• [Task brief]:
Print the records below exactly, from the line containing "Practica Labmecmat Universidad" down to the line containing "可爱的 emoji 表情图释情感面孔图标", both lines included, and omit every picture.

• [Dataset]:
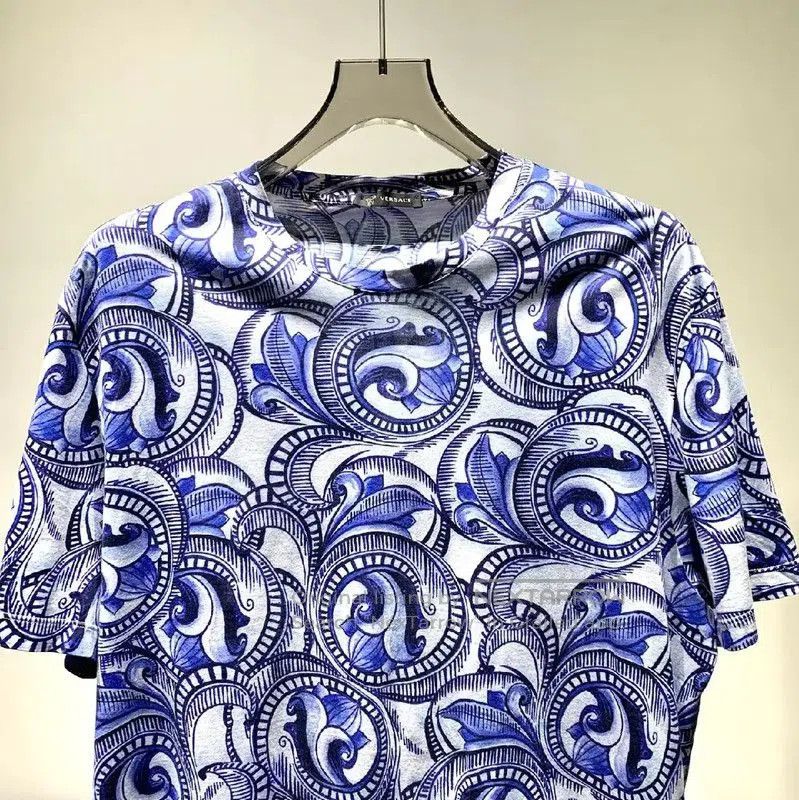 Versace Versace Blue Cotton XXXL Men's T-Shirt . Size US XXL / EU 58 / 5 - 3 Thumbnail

--

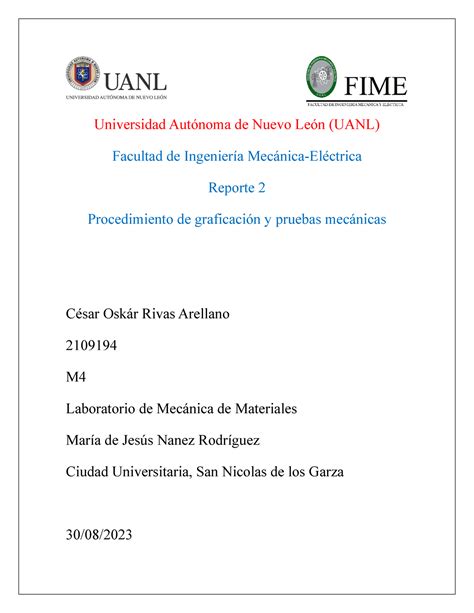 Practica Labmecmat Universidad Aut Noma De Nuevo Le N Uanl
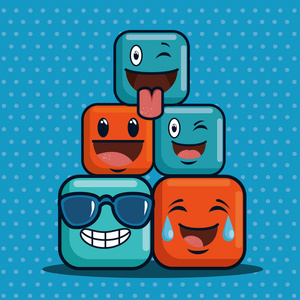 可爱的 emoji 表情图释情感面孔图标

---

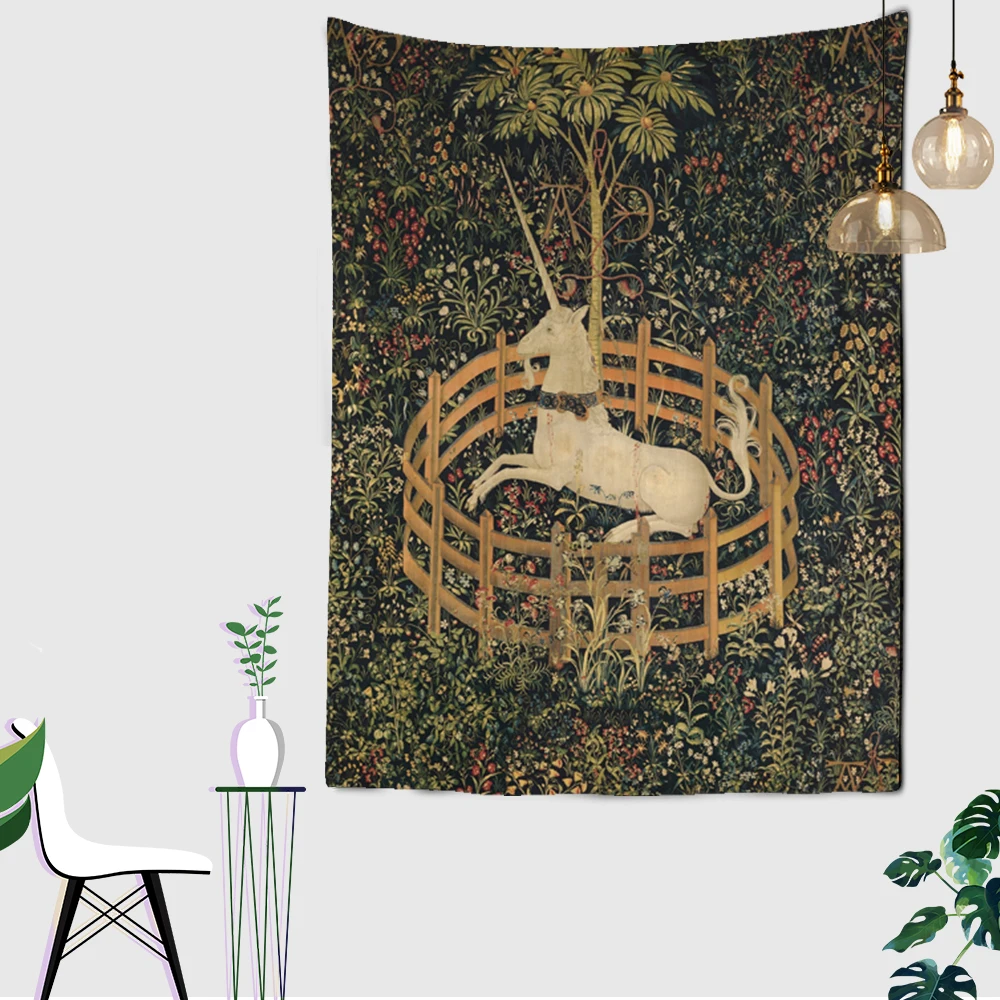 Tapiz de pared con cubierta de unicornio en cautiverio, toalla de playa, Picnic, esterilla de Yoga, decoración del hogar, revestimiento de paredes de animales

• [Result of the task]:
 Practica Labmecmat Universidad Aut Noma De Nuevo Le N Uanl
 可爱的 emoji 表情图释情感面孔图标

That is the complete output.